Paola María Gómez Alzate, en 2016, decidió dejar su exitosa y bien pagada carrera en un fondo de inversiones. “Profesionalmente no me podía quejar, pero sentía que Dios me pedía más, que debía dar testimonio de su amor preocupándome por el otro, y en ese otro, muy en especial, por los más indefensos, por los niños”, recuerda.
Su primer emprendimiento social ayudaba a niños con cáncer y a sus familias.

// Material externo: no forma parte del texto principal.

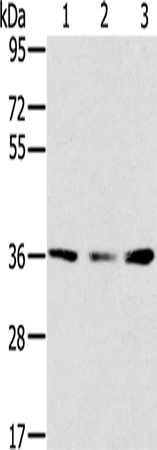 兔抗SMN1多克隆抗体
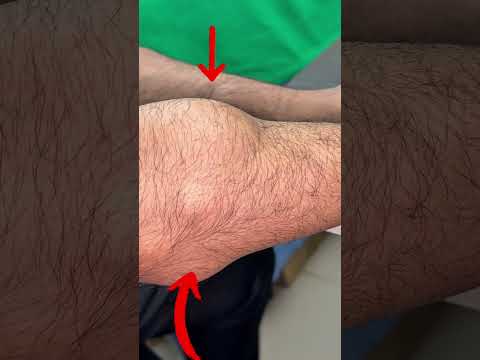হাতের লাইপোমা টিউমার চিকিৎসা
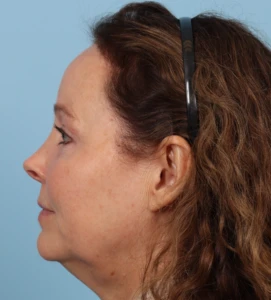 Browlift 6 A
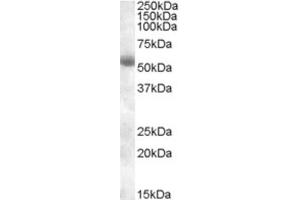 Western Blotting (WB) image for anti-Transmembrane Protease, serine 2 (TMPRSS2) (Internal Region) antibody (ABIN2466752) (TMPRSS2 anticorps  (Internal Region))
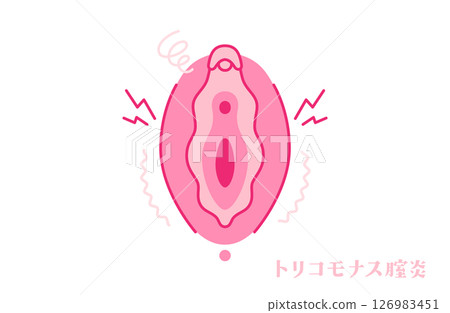 患有滴蟲性陰道炎的女性生殖器(外陰部) 患有滴蟲性陰道炎的女性生殖器(外陰部) 126983451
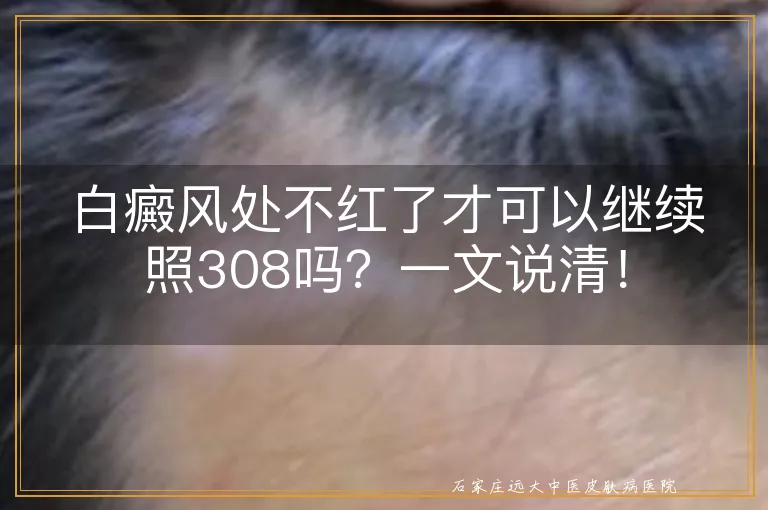 白癜风处不红了才可以继续照308吗？一文说清！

En 2020, en plena pandemia , su apartamento de recién casada se convirtió en un call center . “Todo el día gestionaba y enviaba mercados” y una de esas llamadas le señaló otro rumbo. “Dijeron que llamaban de debajo del intercambio de la Madre Laura, en la Curva del Diablo, al lado del río Medellín, cerca de Moravia, y que había niños que estaban pasando hambre”. Preguntó cuántos eran y le dijeron que no sabían, pero que eran de 16 familias. “¿Niños?, ¿familias debajo de un puente?, ¿tantas?”.

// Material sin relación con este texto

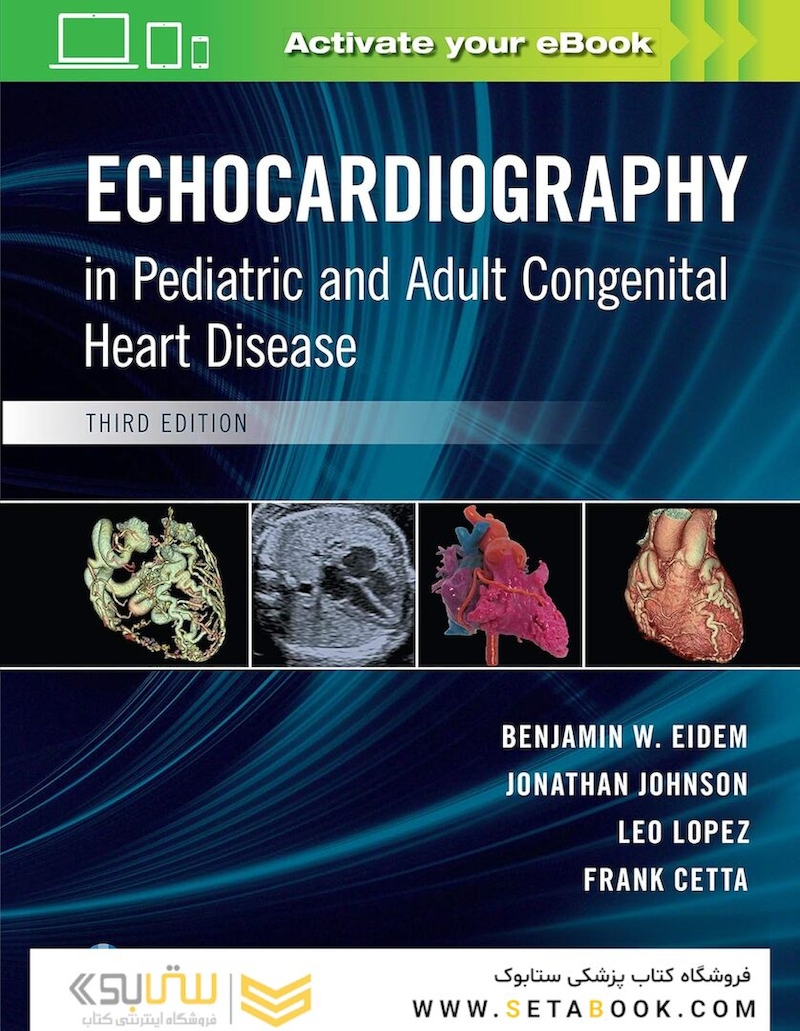 Echocardiography in Pediatric and Adult Congenital Heart Disease 3rd Edition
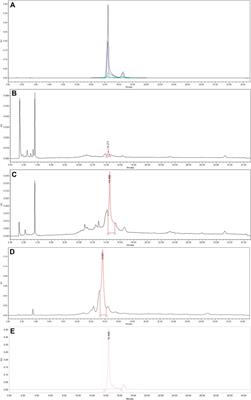 Ulmus davidiana var. japonica Extracts Suppress Lipopolysaccharide-Induced Apoptosis Through Intracellular Calcium Modulation in U937 Macrophages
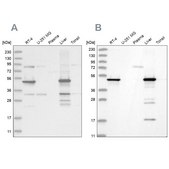Anti-HMGCS2 antibody produced in rabbit Prestige Antibodies&#174; Powered by Atlas Antibodies, affinity isolated antibody, buffered aqueous glycerol solution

Consiguió mercados y sintió que estos no debía mandarlos, sino llevarlos en persona. Han pasado seis años y Paola con su fundación (que hoy se llamar TransformaSión) manejan allí una cocina y un comedor para unas 60 personas; está buscando un local cercano, sin piso de tierra
ni paredes de tabla y plástico. “Lo necesitamos por razones sanitarias, de dignidad y porque de eso dependen más ayudas, incluidas oficiales”.
“Recibimos toda la ayuda posible para llegar a más niños. Somos transformasion.co, en Instagram y Facebook”
Pero la labor de Paola y su equipo no se quedó allí. Hace tres años alquiló una casona en La Aguacatala, donde con permiso del ICBF y los padres de familia alberga a 28 niños de ese
mismo sector del norte de Medellín. “Los tenemos entre semana para que vayan al colegio en el INEM y a la escuela Guillermo Echavarría, en el parque de El Poblado. Les damos alimentación y transporte, regresan a sus familias el fin de semana”.
Todo ha sido un reto, que Paola sabe resumir: “es como manejar la casa de uno, pero con 28 niños y responder a 28 familias. Los costos de servicios, alimentación, arriendo y transporte son los mismos, pero multiplicados por 28, más la nómina”.
Su meta inmediata es ofrecer esto mismo a más niños, “aquí caben hasta 40, pero solo podemos con 28” y tener un comedor con todas las de la ley, para lo cual busca convencer a más personas y empresas para que se sumen a esta causa, la de llevar un rayo de solidaridad hasta debajo de los puentes.